Après d’intenses et laborieuses négociations, l’UE et le Royaume-Uni ont finalement conclu le 27 février un accord politique de principe concernant le protocole nord-irlandais afin de trouver des solutions pratiques pour lever les barrières commerciales en mer d’Irlande tout en protégeant le marché unique de l’UE. Une annonce importante qui entraîne l’abandon par Londres du projet de loi visant à amender le protocole nord-irlandais, et du côté de l’UE cela signifie qu’il n’y a plus de motifs à poursuivre les procédures judiciaires contre le Royaume-Uni.
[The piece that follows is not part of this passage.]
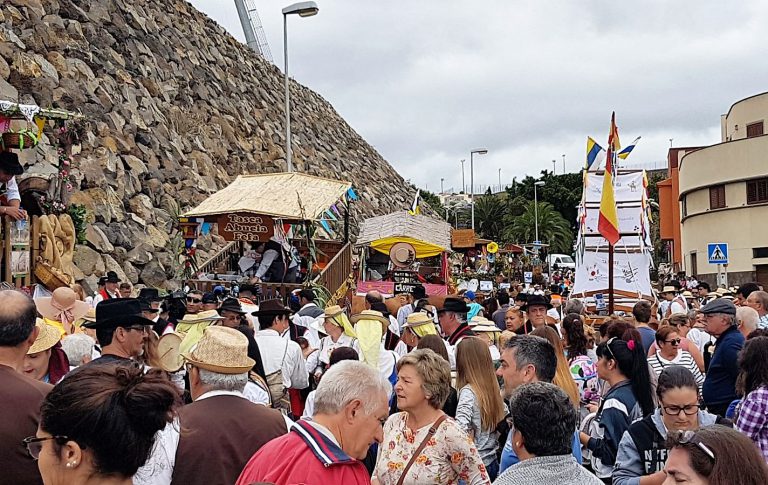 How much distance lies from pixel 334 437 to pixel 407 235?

Souplesse et mesures de sauvegarde

Au niveau sanitaire et phytosanitaire (SPS), cet accord permettra d’instaurer une « voie verte » par laquelle les produits agroalimentaires de détail en provenance de Grande-Bretagne destinés à être vendus en Irlande du Nord seront soumis à des exigences de certification et des contrôles minimaux (utilisation d’un certificat unique pour les chargements mixtes de marchandises agroalimentaires ou encore suppression des certificats pour les produits biologiques et le vin). Les normes britanniques de santé publique s’appliqueront à ces produits. Cela concerne désormais les viandes réfrigérées, telles que les saucisses. Une solution a également été trouvée pour permettre aux plants de pommes de terre, auparavant interdits, d’être transportés de Grande-Bretagne en Irlande du Nord. Ils devront porter une étiquette phytosanitaire, être expédiés par des opérateurs autorisés et faire l’objet d’inspections.

En revanche, les marchandises en provenance de Grande-Bretagne et destinées à la vente en Irlande et dans le reste de l’UE passeront par la « voie rouge » et feront l’objet de contrôles douaniers et d’inspections sanitaires (végétales et animales) plus stricts. Plusieurs mesures de sauvegarde ont ainsi été convenues pour protéger l’intégrité du marché unique de l’UE. D’abord, le fait que le Royaume-Uni construise de manière progressive à partir du 1er octobre 2023 des installations d’inspection SPS opérationnelles tout en permettant aux représentants de l’UE d’accéder aux bases de données informatiques pertinentes. Cet accès facilitera le suivi du mouvement des marchandises de détail, la traçabilité et la liste des établissements autorisés à expédier et à recevoir. D’autre part, l’étiquetage "non destiné à l’UE" garantira que les produits restent en Irlande du Nord et ne portent pas atteinte à la santé publique et à la protection des consommateurs dans le marché unique de l’UE. Enfin, est ménagée la possibilité de suspendre partiellement ou totalement les facilités pour résoudre des problèmes spécifiques ou des manquements systématiques au respect des nouvelles dispositions. Lorsque ces mesures de protection seront pleinement en place, les contrôles seront réduits à 5 % seulement.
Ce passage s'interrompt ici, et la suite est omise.